Installing an HF antenna on a puddle jumper
like your Ercoupe has been done by running
the antenna outside the fuselage, fastening it
with an insulated stand-off, then running
the wire to the top of the rudder fin, then out to
a wingtip. Although some have been
installed with an FAA 337 form, you might want to
consult with your avionics shop to see what
the FAA avionics inspector thinks about it. It
would seem that a better approach would be a
loaded vertical whip, using much the same
techniques hams have been using for years for
automobile mobile operation.
You ask how people
ferry small aircraft over the
ocean? Ferry pilots used to cross
oceans with little more than a compass, one
VHF radio and ferry tanks. Because VHF
communications are lost at about 100 miles
offshore, the pilots would get on 121.5 (which
everyone guards over water for emergencies) and
talk to the nearest airliner. (There are
always about 200 airliners strung out across the
Atlantic at any one time.) Airline pilots
are very obliging in using their HF radios
to relay the position of a small airplane.
The greatest ferry pilot of them all was Charles
Lindbergh. We at avionics.com don't
like to admit it, but Lindy had no radio at
all. (Radios in 1927 weighed nearly half as
much as the airplane.) What Lindy did was go
to his local library before the flight, lay a
string on a globe between New York and Paris and
figure out hourly changes in magnetic course
for a Great Circle route. After crossing the
Atlantic he hit the coast of Ireland within five
miles of his flight-planned route! (What
books about Lindbergh fail to mention, however, is
that he was driven off course by storms so many
times that all the errors cancelled).
For many years , ferry
pilots used ADF (if they had one), receiving
signals only during the beginning and end of the
trip. However, they often cross the
Atlantic via Greenland and Iceland, with 600 miles
as the longest overwater leg. About 20 years ago,
they began using Loran which has solid coverage
over the North Atlantic. Today, of
course, a $100 pocket GPS gives better
navigation than the triple laser gyro's on
jumbo jets.
For
communications, a ferry pilot may rent an HF
radio, which is often plunked down on
the co-pilot's seat or placed behind the front
seats.

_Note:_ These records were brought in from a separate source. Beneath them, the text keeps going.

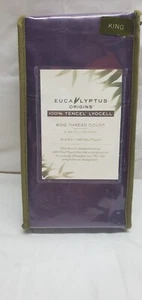 Eucalyptus Origins Tencel Lyocell 600-TC King Pillowcases - Plum - Picture 1 of 3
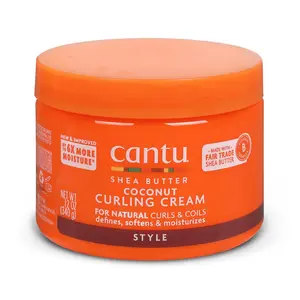 Cantu Coconut Curling Cream with Shea Butter for Natural Hair, 12 oz
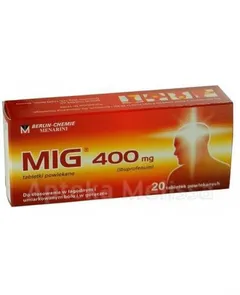 MIG 400 mg - 20 tabl.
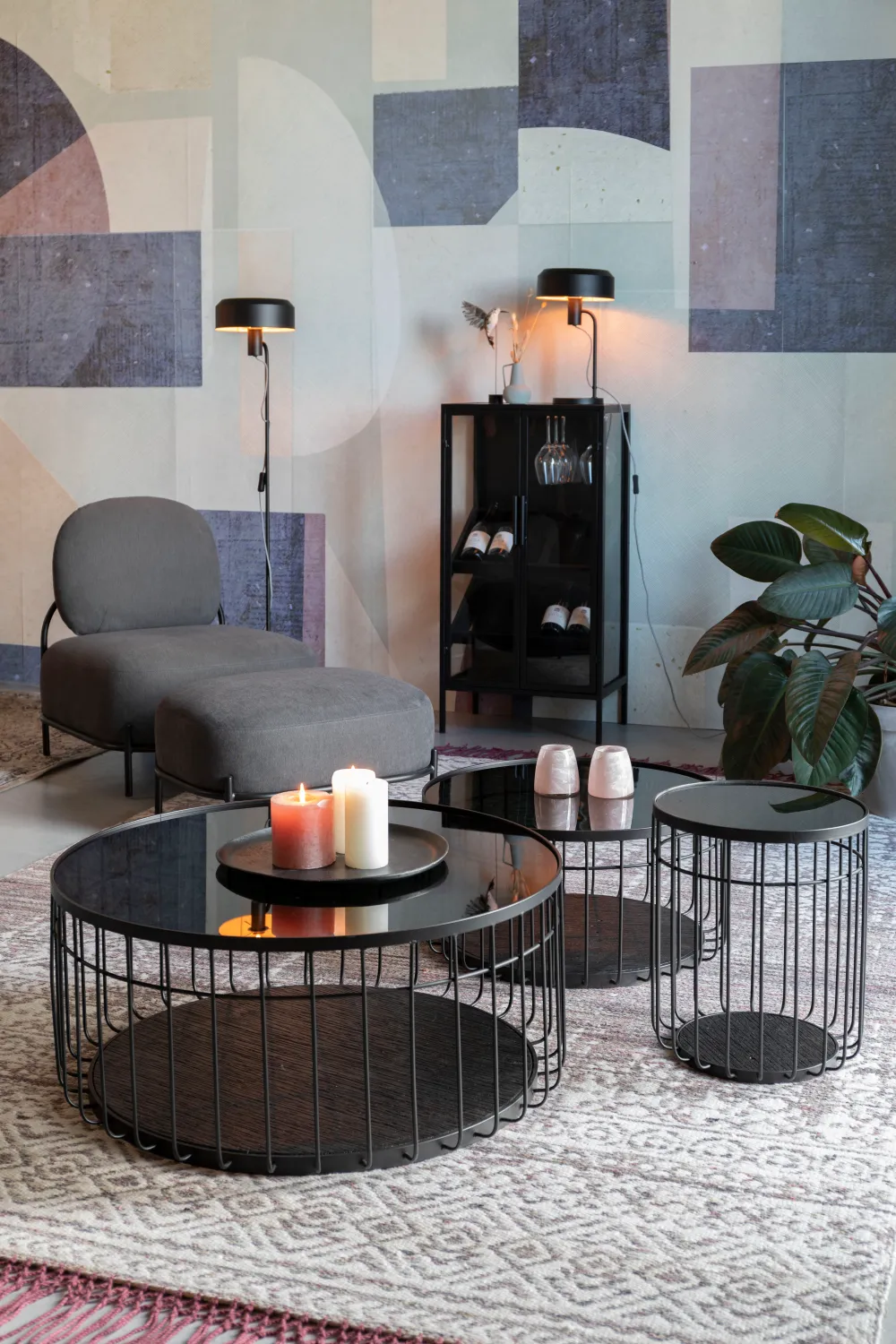 Black Industrial Coffee Table | DF Lance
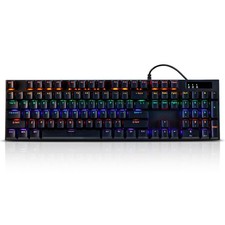 Wired Mechanical Gaming Keyboard with Blue Switch, 104-Key Full Size RGB Back picture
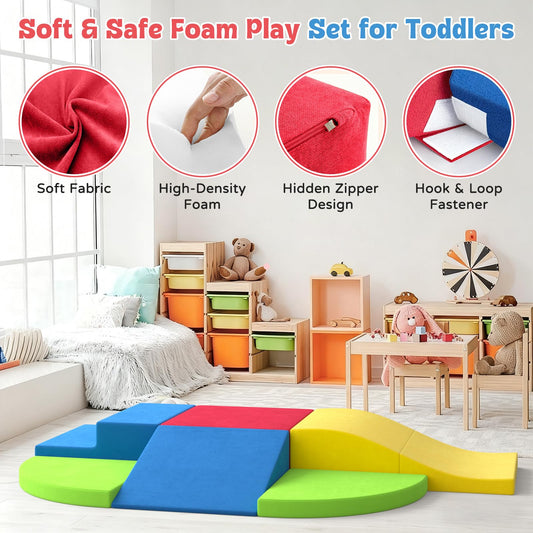 KEALIANA soft foam blocks provide a safe cushioned surface for toddler crawling and exploration.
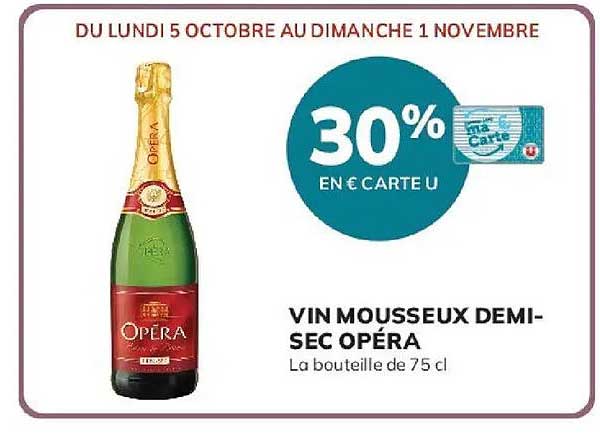 VIN MOUSSEUX DEMI-SEC OPÉRA
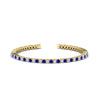 Load image into Gallery viewer, Diamond-Tennis-Bracelet-For-Women-3-Ctw-Blue-Sapphire-In-Yellow-Gold-FDBRC8635ROGSABL-3.00_20CT-NL-YG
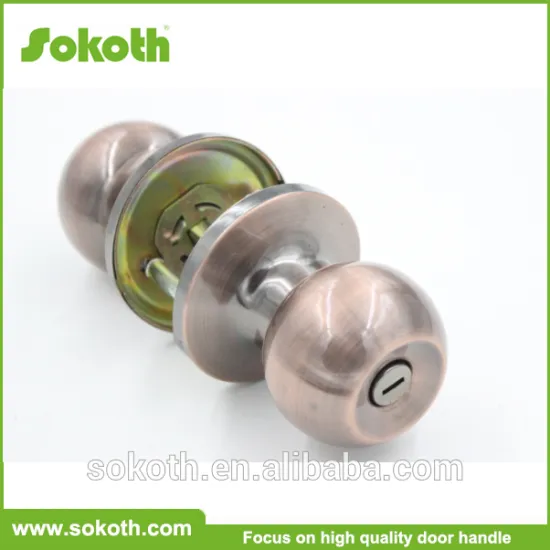 2015 Sokoth hot sale tubular key cylinder lock,antique copper tubular lever lock,door handles and locks prices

A temporary antenna is then strung on the
airframe, as mentioned above.
For your
installation, we suggest you consider the
well-known techniques of mobile HF ham
radio, that is, a loaded whip on one band.
Just be sure the local FAA will accept the
antenna and its mounting. Also, look into
using the same technique as the ADF sense antenna,
which is a long wire from a standoff on the cabin
roof to the tip of the rudder fin.
This would require an antenna tuner in the
cabin to resonate the wire.